Alien Object Lands in Front Lawn - Is It A Bomb Or A Balloon?

Amanda Kinseth

When Brent Medley came home from work, he thought a bomb had landed in his yard.

“I didn't know if someone was trying to pull a prank on me,” says Medley. “I couldn't tell what was going on, so I got out to investigate.”

His curiosity just led to more fear. “The first tag I saw was a warning, ‘Do Not Touch,” says Medley. “It said it could explode, so I thought, we might have a situation on our hands.”

Disregarding pleas from a scared family, Medley picked up the foreign object. It turned out to be a weather balloon made in Finland.
“So I don't know how long it's been in the atmosphere, but there's a balloon that keeps it afloat, and the rubber's very thick,” says Medley.

The National Weather Service says the balloon popped when it reached 100,000 ft in the atmosphere. Bill Newman of the National Weather Service in Topeka says before it broke, it expanded to the size of a garage. “As the balloon goes up, it expands as the pressure decreases,” says Newman.

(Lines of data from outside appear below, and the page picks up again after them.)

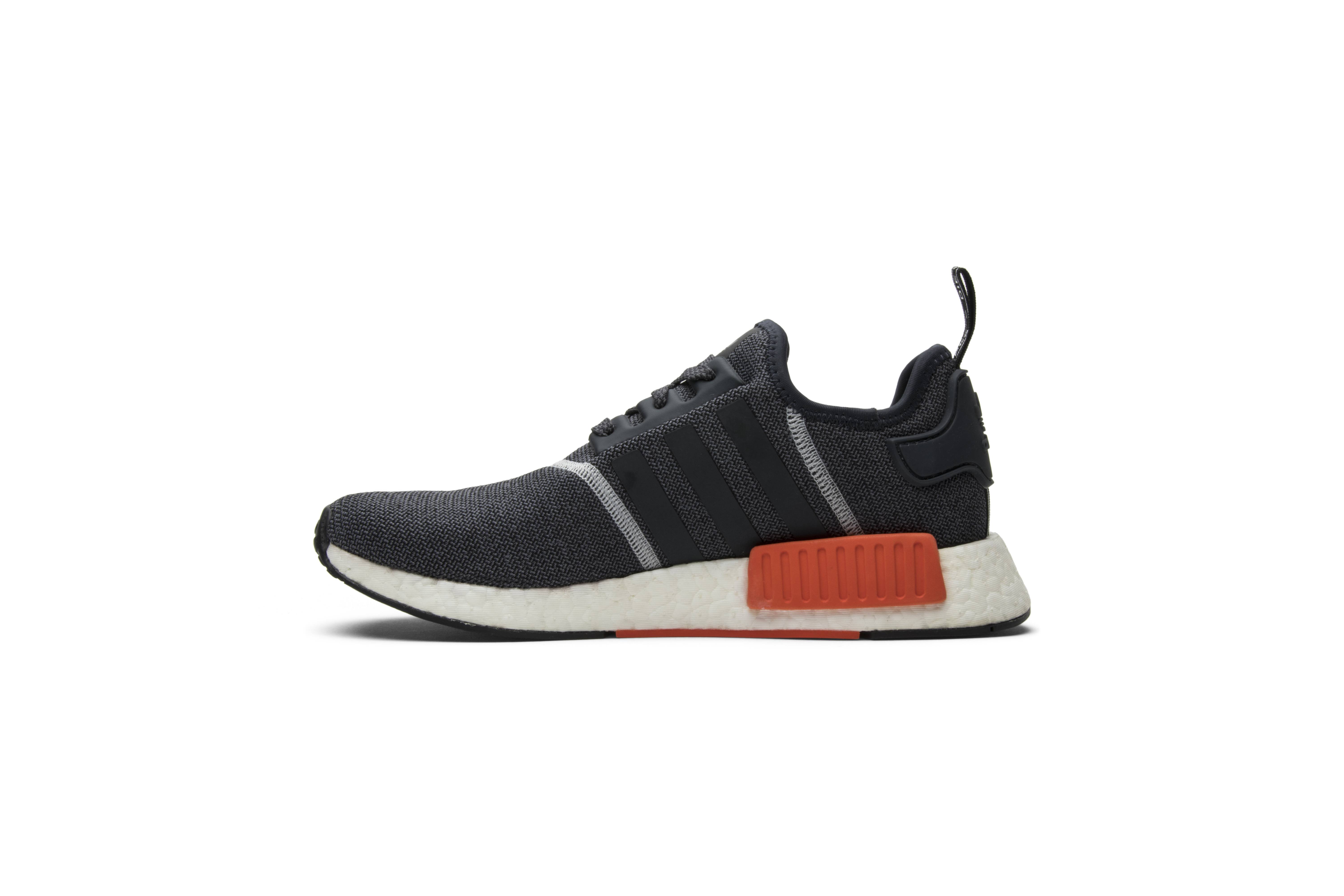 nmd r1 grey red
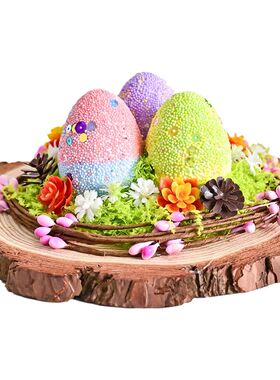 Muli color Easer egg For NEST for ableop woven vine decoraio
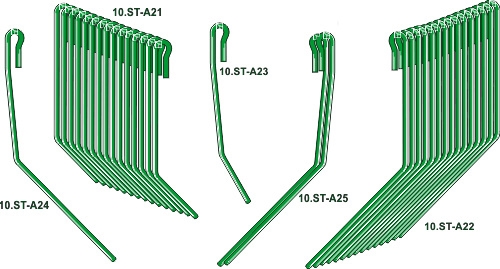 Amazone harvetannsett 15 mm 4M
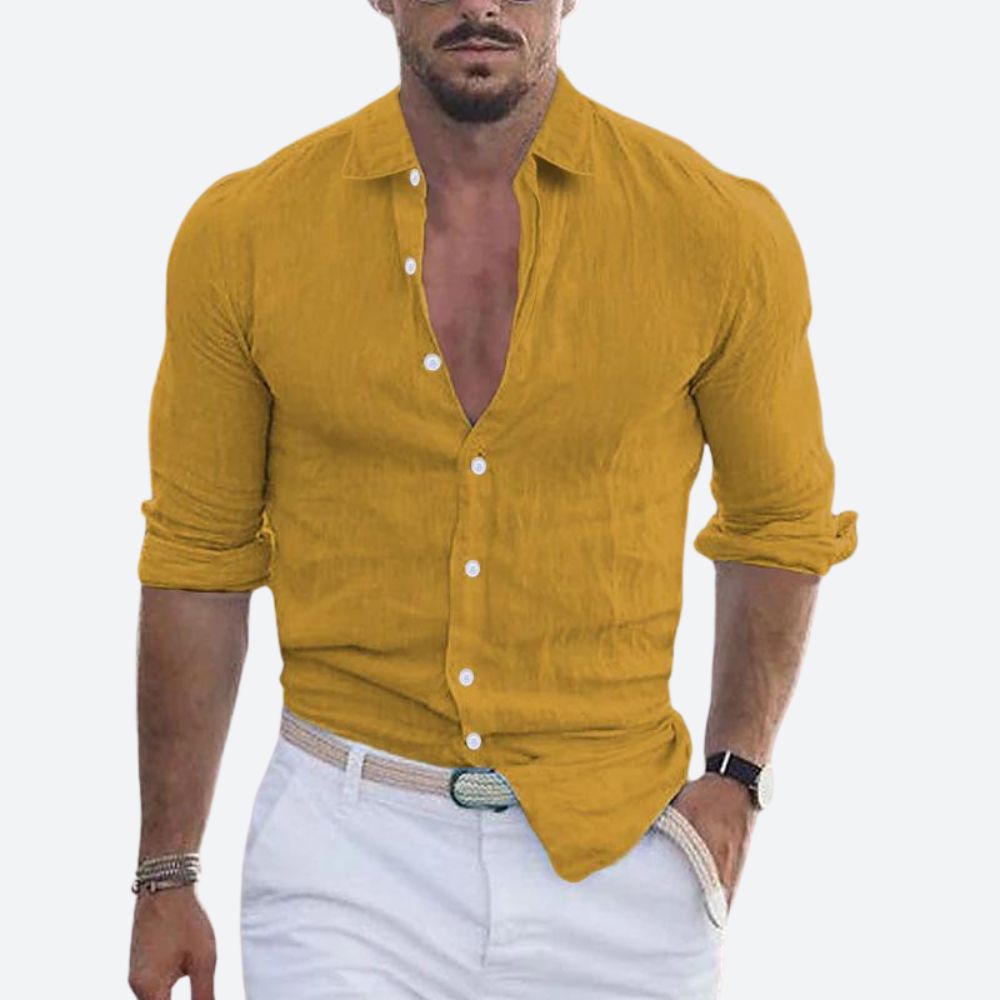 Rome | Casual Turndown Collar Shirt with Relaxed Fit for Men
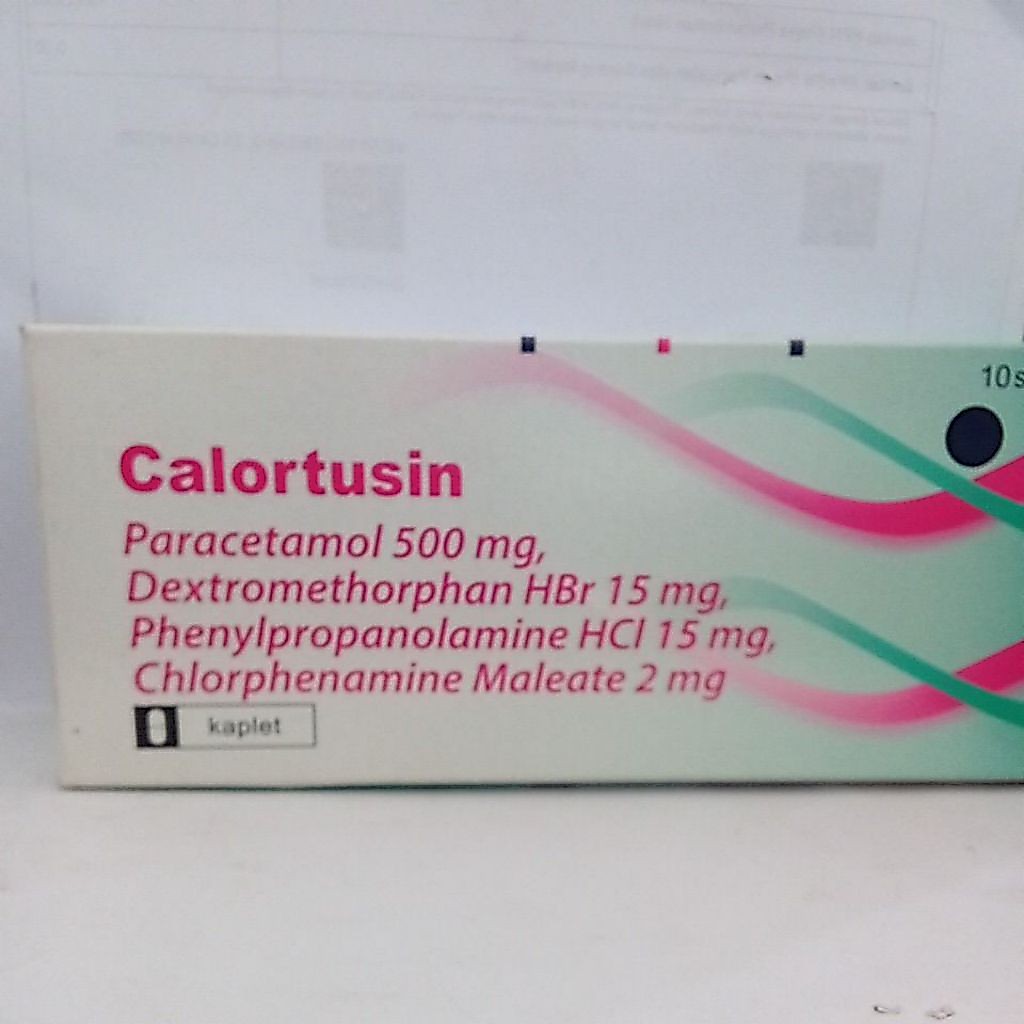 calortusin strip 10tablet obat flu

“It was eventually going to come down,” says Medley. “It just happened to come down here.”

The hydrogen balloon was actually launched from Topeka, and Newman says it’s rare it landed so close.
“Most of the balloons we would launch travel 100 miles to east of here because of high winds,” says Newman.

For Brent, it's just a relief. “Warning and explode were the first two things I saw,” says Newman. As his family bags the device to mail back to the government, it's an interesting end to a first-frightening discovery.

The hydrogen balloons are harmless after they're popped. The National Weather Service collects temperature, winds and pressure information via radio waves while the balloon floats through the atmosphere.